The provisions of the General Anti-Avoidance Rules (GAAR) will apply to entities getting a tax benefit of at least Rs 3 crore, the Central Board of Direct Taxes said in the notification.
In the US, Singh is expected to face protests from business entities over India’s perceived anti-American stance on matters of taxation, intellectual property rules and market access.
The notification is seen as a way to assure the US and foreign firms that they can continue to do business by taking advantage of tax havens such as Mauritius without being impacted by GAAR.
In its original form, GAAR was seen as draconian and had scared away millions of dollars in investments from the Indian stock market after it was proposed last year.
A committee under Parthasarathi Shome reviewed the rules and diluted provisions were made public in January.

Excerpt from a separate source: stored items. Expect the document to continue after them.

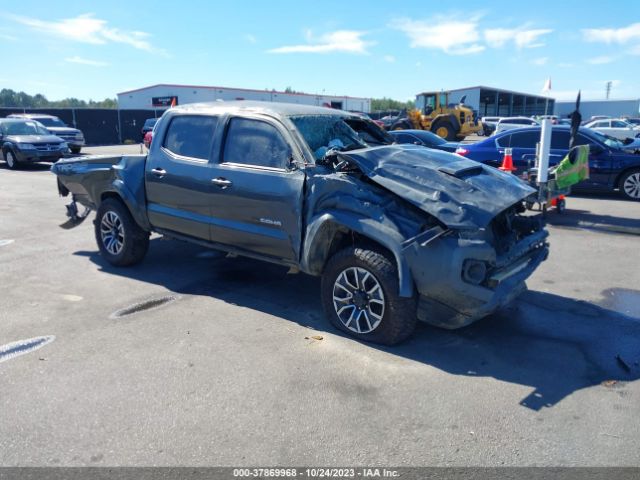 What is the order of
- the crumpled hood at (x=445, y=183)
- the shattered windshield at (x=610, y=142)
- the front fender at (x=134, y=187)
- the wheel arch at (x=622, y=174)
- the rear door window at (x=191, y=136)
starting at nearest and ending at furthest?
the crumpled hood at (x=445, y=183), the rear door window at (x=191, y=136), the front fender at (x=134, y=187), the wheel arch at (x=622, y=174), the shattered windshield at (x=610, y=142)

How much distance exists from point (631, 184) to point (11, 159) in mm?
18044

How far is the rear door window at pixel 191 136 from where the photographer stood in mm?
5574

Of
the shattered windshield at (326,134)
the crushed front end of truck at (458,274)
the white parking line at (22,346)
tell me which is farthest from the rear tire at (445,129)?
the white parking line at (22,346)

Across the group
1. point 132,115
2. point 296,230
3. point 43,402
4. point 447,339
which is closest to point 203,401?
point 43,402

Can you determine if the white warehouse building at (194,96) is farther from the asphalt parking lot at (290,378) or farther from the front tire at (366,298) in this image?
the front tire at (366,298)

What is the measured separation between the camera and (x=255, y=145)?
5176 millimetres

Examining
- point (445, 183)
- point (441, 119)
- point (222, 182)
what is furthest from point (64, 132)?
point (445, 183)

Analysts expect the notification to pep up the bourses and reassure long-term investors.
According to the notification, the GAAR provisions will also apply to foreign institutional investors (FIIs) that have claimed benefits under any double taxation avoidance agreement.
Investments by a non-resident by way of offshore derivative instruments, or P-Notes, through the FIIs, will not be covered by GAAR.

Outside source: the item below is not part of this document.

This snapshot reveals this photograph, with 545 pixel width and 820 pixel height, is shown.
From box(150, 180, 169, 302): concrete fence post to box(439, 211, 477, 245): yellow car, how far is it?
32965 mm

Investments made before August 30, 2010, will not be scrutinised under GAAR, the notification said.
Before invoking the provisions, the assessing officer has to “issue a notice in writing to the assessee seeking objections, if any, to the applicability of provisions”.
“Stock markets will have a lot to cheer as the FIIs, which do not seek to avail themselves of the treaty benefits, will not be subjected to GAAR. Similarly, investment in participatory notes will not be subject to GAAR,” Deloitte Haskins & Sells Partner N.C. Hegde said.